I tuoi parrocchiani, caro don Giuliano, sanno della tua obbedienza alla decisione del Vescovo, sanno della tua preparazione ed esperienza e dei servizi che dovrai svolgere per la Diocesi. Dice la Lettera agli Ebrei che il sacerdote viene assunto «di tra gli uomini», quindi è del nostro stesso legno, ha la sua umanità, ma viene costituito per gli uomini, per voi, riguardo alle cose di Dio (cfr. Ebr 5,1). Per te, don Giuliano, la chiave dei loro cuori sarà la cosa più cara: ti viene data immediatamente, con fiducia, ma dovrai anche, per così dire, guadagnartela, perché dovrai entrare con discrezione nei loro cuori, sentire le loro confidenze, accogliere le loro domande.

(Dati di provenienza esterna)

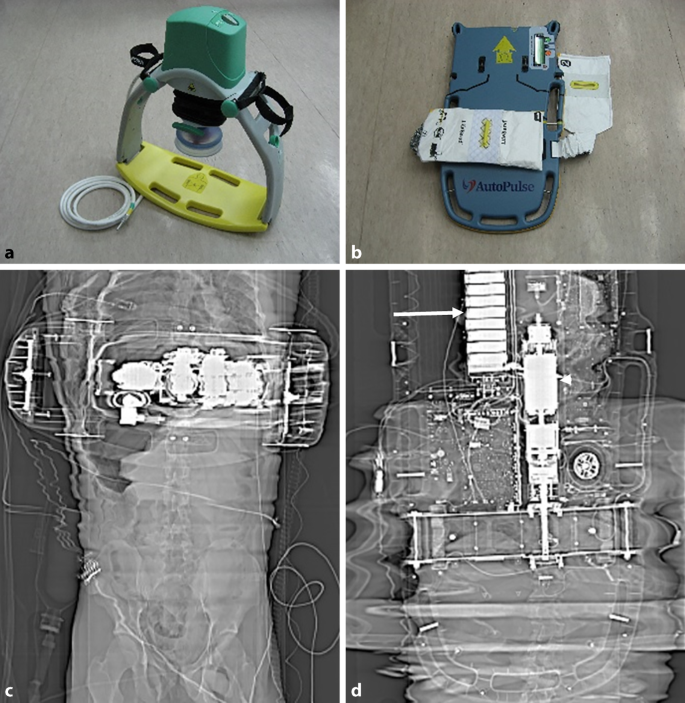 Update Polytrauma Und Computertomographie Unter Reanimationsbedingungen Springerlink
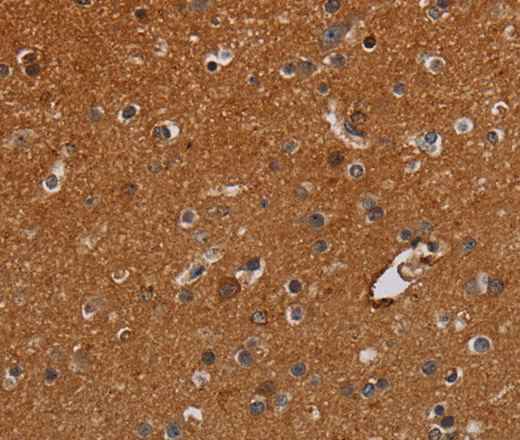 Immunohistochemistry of paraffin-embedded Human brain  tissue using IFRD1 Polyclonal Antibody at dilution 1:30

Metterò sulle spalle di don Giuliano la sciarpa, cioè la stola, segno della sua potestà di rimettere i peccati, ma anche di consolare, di orientare rispettosamente le coscienze, di sostenere con la direzione spirituale e soprattutto di far incontrare la misericordia del Padre. I parrocchiani non dovranno temere nel confidarti fragilità e dubbi. Darai tanto a loro, ne sono certo. Altrettanto riceverai da loro. Del resto abbiamo tutti nel cuore, consacrati e laici, giovani e adulti, una domanda: «Signore, come posso servirti?». Servire il Signore. Gesù ha detto: «Non vi chiamo più servi, ma amici» (cfr. Gv 15,15). Qui servire significa dare lode, regnare, perché essere a disposizione del Signore è altissima dignità. La vita è vocazione, risposta ad una chiamata, nulla avviene per caso. Invito don Giuliano ad avere a cuore le vocazioni, a farle sbocciare, favorirle, accompagnarle: tutte! E a voi, cari Leontini, chiedo di aver cara la vocazione al sacerdozio. Per questo intensifichiamo la preghiera. State facendo esperienza, avete fatto esperienza anche oggi, di quanto è preziosa e desiderata la figura del prete. E quanta trepidazione è nel cuore del Vescovo a questo motivo. Il Signore non farà mancare ministri per la sua Chiesa e susciterà in ogni membro della comunità la disponibilità alla collaborazione, al servizio e il senso di responsabilità: «La Chiesa è mia, mi appartiene. Signore, in che modo posso servirti, in che modo posso essere sostegno in questa comunità? In che modo posso essere missionario e annunciatore del tuo Vangelo?». In sintesi, essere laici nella Chiesa, cristiani nella società!

4.
Tra poco chiederò a don Giuliano di rinnovare le promesse sacerdotali pronunciate la prima volta nel giorno dell’ordinazione. Seguiranno l’accompagnamento al fonte battesimale e al confessionale con l’invito a benedire ed aspergere tutti voi. Infine, cederò la sede e l’altare al nuovo parroco che presiede la comunità a nome del Vescovo e in comunione con tutti i presbiteri della Diocesi.
Le letture di oggi ci hanno invitato a cogliere l’essenziale e cioè non tanto a compiere atti obbedienti (che faremo comunque), ma ad avere un cuore obbediente: una scelta più radicale, più profonda. È quello che domandiamo per noi e per tutti. Così sia.